» **Extracted information**
┄┄┄┄┄┄

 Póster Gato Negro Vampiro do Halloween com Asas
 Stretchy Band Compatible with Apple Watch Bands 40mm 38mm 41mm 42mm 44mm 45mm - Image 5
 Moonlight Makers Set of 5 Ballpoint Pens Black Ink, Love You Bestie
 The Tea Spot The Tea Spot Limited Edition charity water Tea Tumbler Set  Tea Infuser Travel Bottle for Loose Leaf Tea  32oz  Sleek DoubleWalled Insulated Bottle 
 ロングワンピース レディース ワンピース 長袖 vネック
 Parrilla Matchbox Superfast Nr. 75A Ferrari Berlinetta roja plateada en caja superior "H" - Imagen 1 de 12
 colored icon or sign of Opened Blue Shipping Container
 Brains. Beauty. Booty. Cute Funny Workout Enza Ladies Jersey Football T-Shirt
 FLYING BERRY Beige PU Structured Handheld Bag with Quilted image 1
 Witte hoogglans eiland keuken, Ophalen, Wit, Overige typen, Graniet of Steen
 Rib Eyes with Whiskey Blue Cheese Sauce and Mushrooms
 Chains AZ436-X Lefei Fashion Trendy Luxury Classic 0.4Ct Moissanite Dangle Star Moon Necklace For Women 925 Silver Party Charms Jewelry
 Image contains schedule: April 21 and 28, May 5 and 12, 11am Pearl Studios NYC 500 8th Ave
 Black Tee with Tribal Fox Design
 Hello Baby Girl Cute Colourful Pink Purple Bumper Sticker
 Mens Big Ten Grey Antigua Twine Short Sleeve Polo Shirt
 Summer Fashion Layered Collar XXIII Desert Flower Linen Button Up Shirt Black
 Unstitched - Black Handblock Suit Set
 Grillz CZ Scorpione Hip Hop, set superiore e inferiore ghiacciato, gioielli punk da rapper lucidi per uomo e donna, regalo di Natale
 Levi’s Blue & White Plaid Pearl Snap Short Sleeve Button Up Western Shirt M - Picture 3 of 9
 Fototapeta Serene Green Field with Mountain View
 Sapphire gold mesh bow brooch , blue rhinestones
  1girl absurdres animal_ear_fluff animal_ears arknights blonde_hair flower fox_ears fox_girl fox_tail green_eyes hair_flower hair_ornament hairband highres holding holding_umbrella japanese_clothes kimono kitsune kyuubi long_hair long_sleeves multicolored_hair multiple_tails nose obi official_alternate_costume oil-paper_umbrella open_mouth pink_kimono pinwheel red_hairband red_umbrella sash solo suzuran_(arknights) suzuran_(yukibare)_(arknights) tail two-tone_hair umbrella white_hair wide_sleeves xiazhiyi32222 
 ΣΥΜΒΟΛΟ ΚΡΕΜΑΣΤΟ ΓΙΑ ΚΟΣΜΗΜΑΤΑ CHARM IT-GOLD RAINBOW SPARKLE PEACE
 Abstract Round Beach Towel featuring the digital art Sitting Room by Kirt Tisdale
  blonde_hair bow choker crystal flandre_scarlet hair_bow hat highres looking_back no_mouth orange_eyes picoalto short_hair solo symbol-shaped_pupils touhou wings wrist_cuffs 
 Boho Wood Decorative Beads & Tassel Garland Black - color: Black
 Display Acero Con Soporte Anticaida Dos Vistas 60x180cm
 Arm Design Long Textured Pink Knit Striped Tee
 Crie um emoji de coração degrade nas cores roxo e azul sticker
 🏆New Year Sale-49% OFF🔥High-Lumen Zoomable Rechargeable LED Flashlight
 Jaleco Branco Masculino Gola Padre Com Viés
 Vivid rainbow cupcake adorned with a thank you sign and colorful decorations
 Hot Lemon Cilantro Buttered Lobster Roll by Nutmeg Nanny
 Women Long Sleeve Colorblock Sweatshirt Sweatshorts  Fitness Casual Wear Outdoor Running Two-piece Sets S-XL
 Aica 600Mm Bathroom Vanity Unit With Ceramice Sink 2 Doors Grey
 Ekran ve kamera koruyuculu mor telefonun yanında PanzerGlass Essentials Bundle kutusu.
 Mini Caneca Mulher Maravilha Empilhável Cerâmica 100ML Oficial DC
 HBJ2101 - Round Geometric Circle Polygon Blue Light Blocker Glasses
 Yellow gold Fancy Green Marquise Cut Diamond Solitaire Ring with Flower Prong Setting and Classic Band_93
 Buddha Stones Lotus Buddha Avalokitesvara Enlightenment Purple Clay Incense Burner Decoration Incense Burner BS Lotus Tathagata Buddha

┄┄┄┄┄┄

» **Task description**
Scan the lines above for the word "Round", then copy each line that has it.

» **Written solution**
 Abstract Round Beach Towel featuring the digital art Sitting Room by Kirt Tisdale
 HBJ2101 - Round Geometric Circle Polygon Blue Light Blocker Glasses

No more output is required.